Revival involves the Spirit working, and therefore it brings forth the fruits of the Spirit, especially in love for God and for His worship.

Example – True revival under the ministry of Samuel Davies in Hanover, VA, resulted in such a love for God’s worship that some households in his congregation had gatherings all through the night singing Psalms and hymns, while good books were received with delight. He himself exhibited his love in the deep warmth and compassion with which he pled with men to turn to Christ (Murray, 13, 24).

 

  1. Revival Leads to Emotion and Excesses

True revival involves a whole community being disturbed by the fear of God, and by the prospect of salvation. It involves much emotion, and deep concern. Inevitably, this sometimes can be expressed in disorderly scenes. A wise minister knows how to calm such scenes, and direct individuals under the fear of Hell to the Lord who alone can deliver from it.

Example – During the Second Great Awakening, David Rice was a minister in Kentucky, and saw an upsurge of “bodily agitations” in his congregation, as people were swept up by the emotions of the services of revival. His method of calming these scenes was remarkable: “In the most solemn manner, [he] began to repeat those words of Scripture: ‘Holy! Holy! Holy! is the Lord God Almighty!’ Never was anything more impressive. There was an instantaneous hush through the whole house. The venerable old patriarch, having thus secured their attention, proceeded to express his sentiments on the Bodily Exercises, and to dissuade from encouraging them.”

 

  1. Revival CAN Lead to Division and Doctrinal Error

Sometimes good men make the mistake of condemning the whole revival because of the excesses of a few. “Quench not the Spirit.” What is even worse, however, is where there is some spiritual blessing, and the widespread emotion that accompanies it, without wise leadership and sound teaching.

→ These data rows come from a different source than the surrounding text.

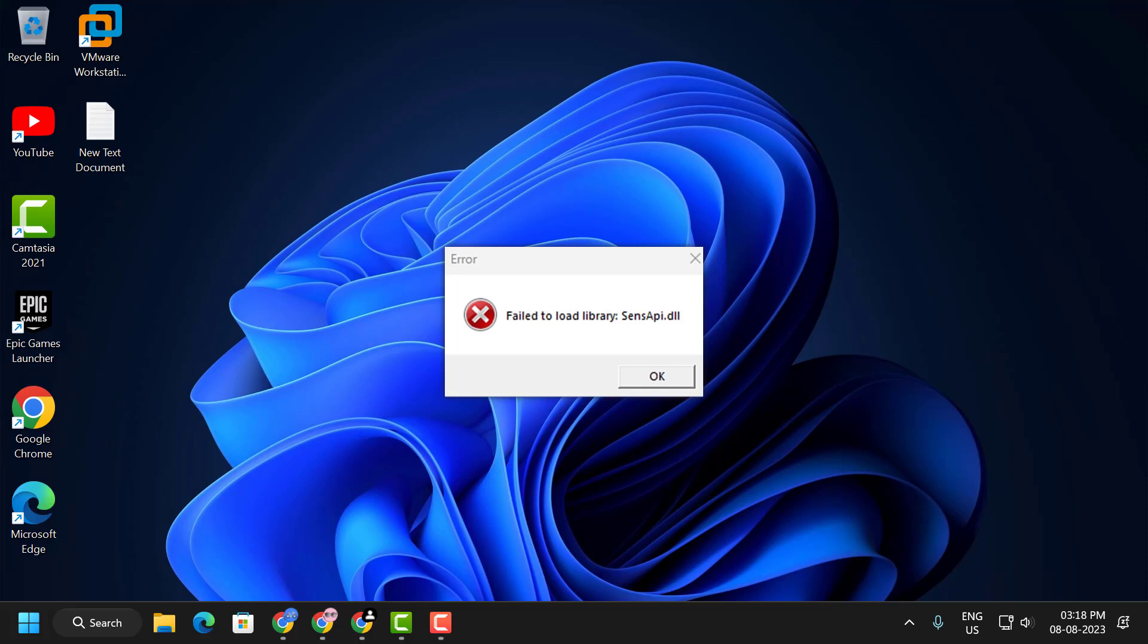Hello guys, welcome to my channel. Today we are going to see how to fix Roblox failed to load library sensapi.dll error you are getting when you are trying to play Roblox on your PC. Let's fix it guys.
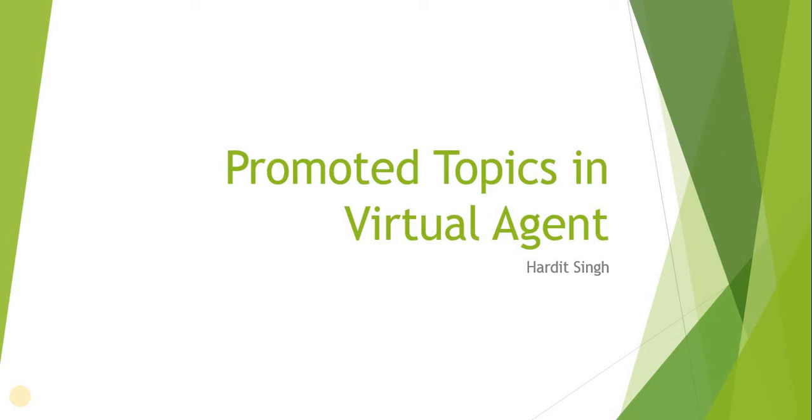Hi everyone, in this video we will see how we can set up promoted topics in Virtual Agent. These were introduced in the Quebec release and are topics which you want to show to end users on the Virtual Agent screen on your service portal. These are kind of front topics which help people to know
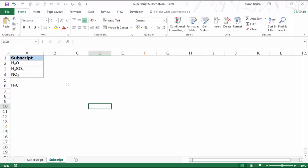So this is how you can apply superscript and subscript format to text in Excel. That's it for this video. I hope you found this useful. Thank you and have a nice day.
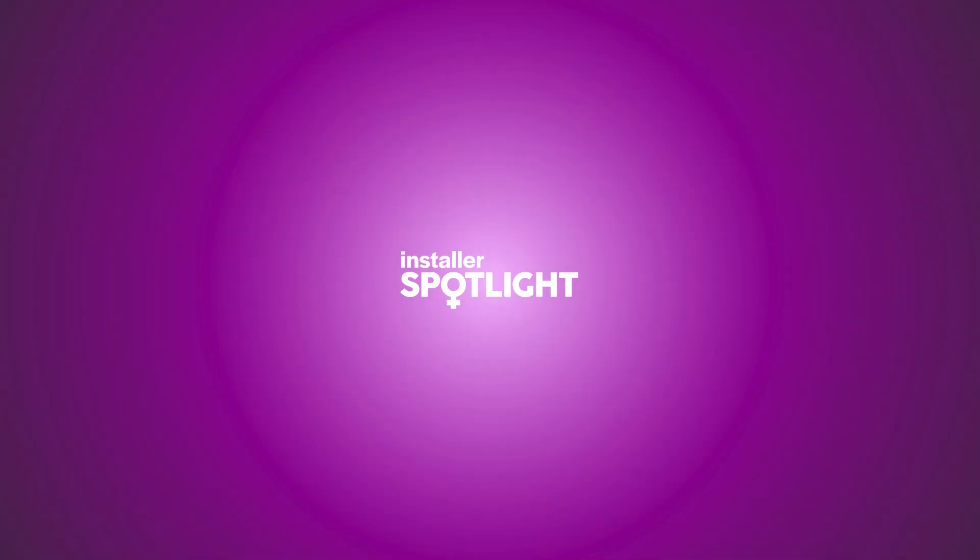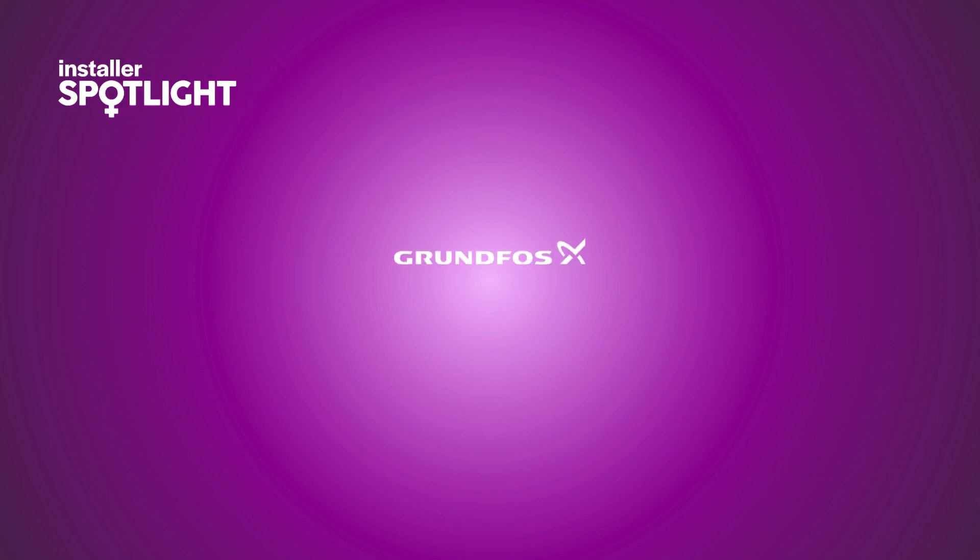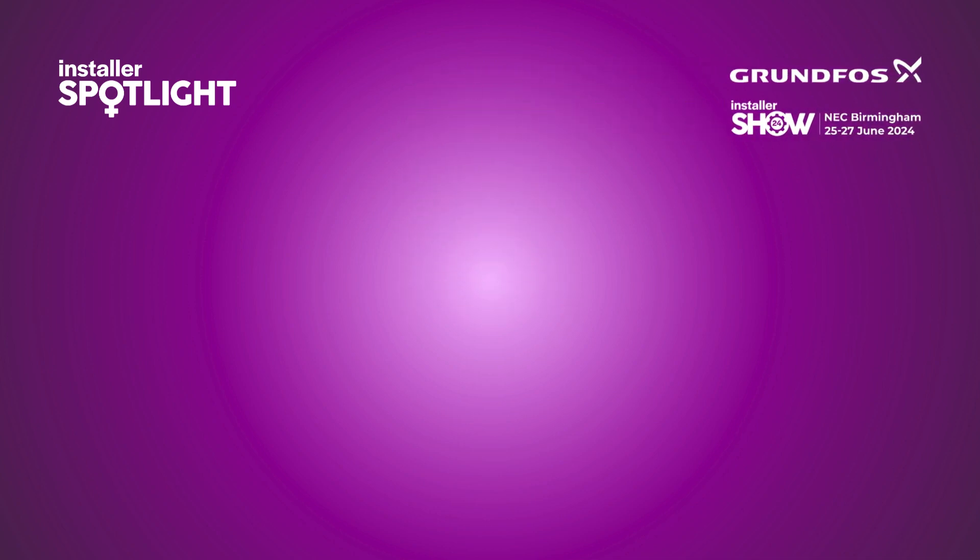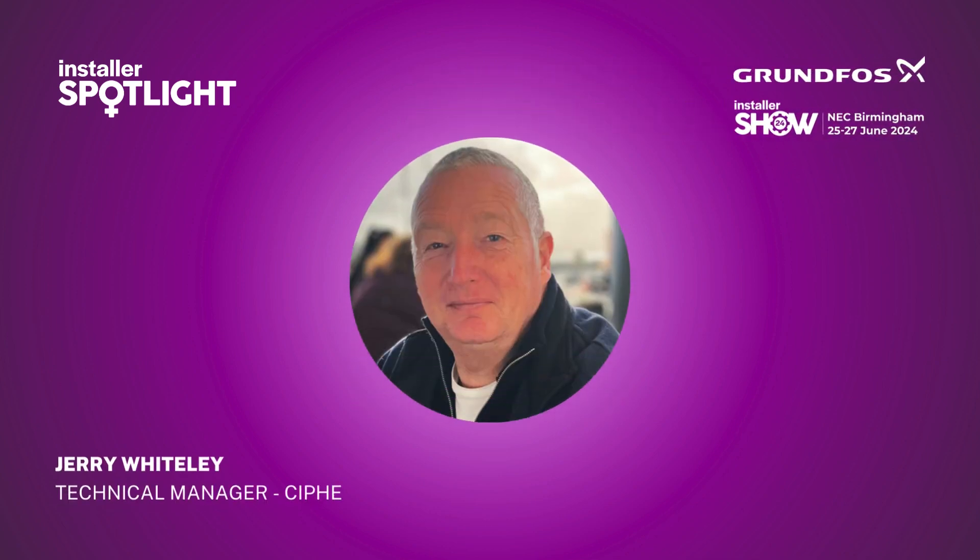Welcome back to the Installer Spotlight series. I'm your host Jess Shanahan. During our session with Angela Rushforth, we talked about the role everyone has to play in encouraging more women into the industry.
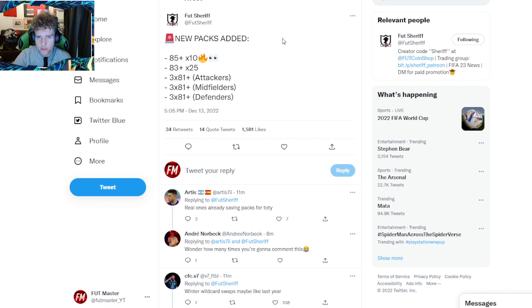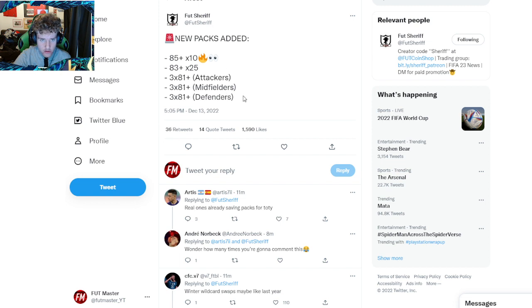a lot of people are speculating what these are, and I think, and a lot of people think - it hasn't been confirmed - but I think this is going to be the return of Winter Wildcard Swaps.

This can lead directly to division and error entering the church.

Examples – In 1741, the Presbyterian Church split over the first Great Awakening, a division that persisted for seventeen years, as the theologically sound but cold and suspicious men of the Synod of Philadelphia stood aloof from the revival being experienced by the Tennents and others, who formed a separate “Synod of New York” during these years. There were faults on both sides of this dispute, and the division was healed to general satisfaction in 1758 (Alexander, 35-46).

Much more tragically, the Second Great Awakening, from about 1800 onwards, came to Kentucky while there were few ministers there able to teach sound doctrine, or to guide the people aright. Some, under the influence of intense emotion, joined the sect of the Shakers, who were fanatical in doctrine, and morally loose in their teachings. Many others, however, strayed into Arminianism, and over the next fifty years this man-centred false teaching spread throughout the rest of the United States, becoming increasingly accepted as orthodoxy in American Evangelicalism (Murray, 173-77).

 

Conclusion

As believers we pray and long for revival, and trust in God to grant it at the right time. We also look to him for wisdom, that we may be preserved from excess, division and error, both in the day of revival, and in our present “day of small things.”